Crompton Place is just a stellar example of the kinds of development projects that work to create thriving neighborhoods and a thriving city for the following reasons:
- Creative and adaptive reuse of an historic property: Dino and Robin Larusso purchased the historic Crompton Loom Works, a former industrial textile mill, in 2007 with a vision of what this could be on its own and linked to a neighborhood, the Canal District, which was on the move
- They had a vision of a mixed-use development combining retail and service businesses, an artisanal bread bakery, a nonprofit home-ownership center, the Blackstone Canal Historical Museum and residential units in the process of being developed on the top floor. A Jane Jacobs ideal: retail on the lower floors and apartments on the top
- Small-scale development: Many larger development projects are infused with public monies. Crompton Place celebrates the efforts of those hardy souls, the small-scale developers who rely on their own grit and most of their own financial reserves to make it happen.
- Incremental pace of development: I first met Dino Larusso last year when he was personally laying the bricks for the patio out back. It reminded me of the work that Jane and Bob Jacobs put into their brownstone on Hudson Street [in New York]. … Little by little. Brick by brick. Compare that to the large mega-projects characterized by the mighty work of many bulldozers.
- Celebration and promotion of small, locally owned businesses: Let’s give a shout out to the tenants here: Crompton Collective, which showcases the wares of local antique and craft vendors; Seed to Stem, BirchTree Bread Co., hub of a meeting spot for so many of us and a place to eat fine breads, listen to local musicians, see local art displayed; the barbershop, home-ownership center, and a space where local farmers can peddle their freshly grown produce at the weekly farmers market.
- Importance of locally owned: Dino and Robin are not outside developers with few ties to the city. They were born and raised here, and they actually live on site. It doesn’t get more locally owned than that!
- Project integration and enhancer of “walkability” within the Canal District neighborhood: Crompton is the neighborhood hotspot hosting weekly Canal District Farmers Markets, free summer Thursday evening outdoor music concerts and free horse and wagon tours led by local high school students trained to narrate the history of the neighborhood and the Blackstone Canal. This project does not function on its own but is a part of the intricate web of neighborhood life within the Canal District.
One last story:
When I was dropping off the Polar seltzer water and Table Talk pies, Dino and I got into a conversation about parking. Although another development project is online for the far end of the property, he was not worried about parking at all. There will still be parking on site plus there is also street parking.
“Ideally, great neighborhoods don’t have tons of parking,” he said. In this core of the Canal District, there should be parking on the outskirts so people can walk around more within the neighborhood.
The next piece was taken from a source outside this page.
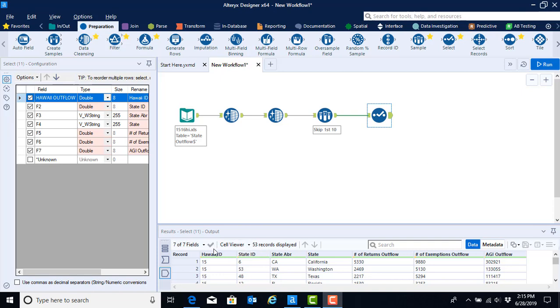Now that our worksheet has header rows thanks to the select tool, we can finalize our outflow workflow by doing two things.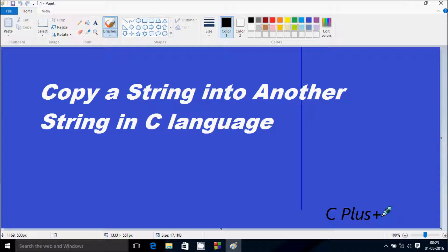Hi guys, in this video I am going to discuss about copying a string into another string in C language.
I got a big smile on my face.
“Wow, Dino, you really are a Jane Jacobs in the Woo.”
Jane Jacobs In The Woo was pleased to present the 2017 Jane Award to Crompton Place as a shining example in our city of a development project that spearheads the revitalization of the city of Worcester, a project that results in the peopling of the streets and the locus of community activity.
Joyce Mandell has worn many hats – mom, community organizer, sociologist, community development specialist, urban studies professor. She has lived in Worcester more than 20 years and first moved to the East Side when she served as the economic development director of Oak Hill Community Development Corporation. She believes in the potential of Worcester, the power of praxis and the truth to be found both in stories and stillness.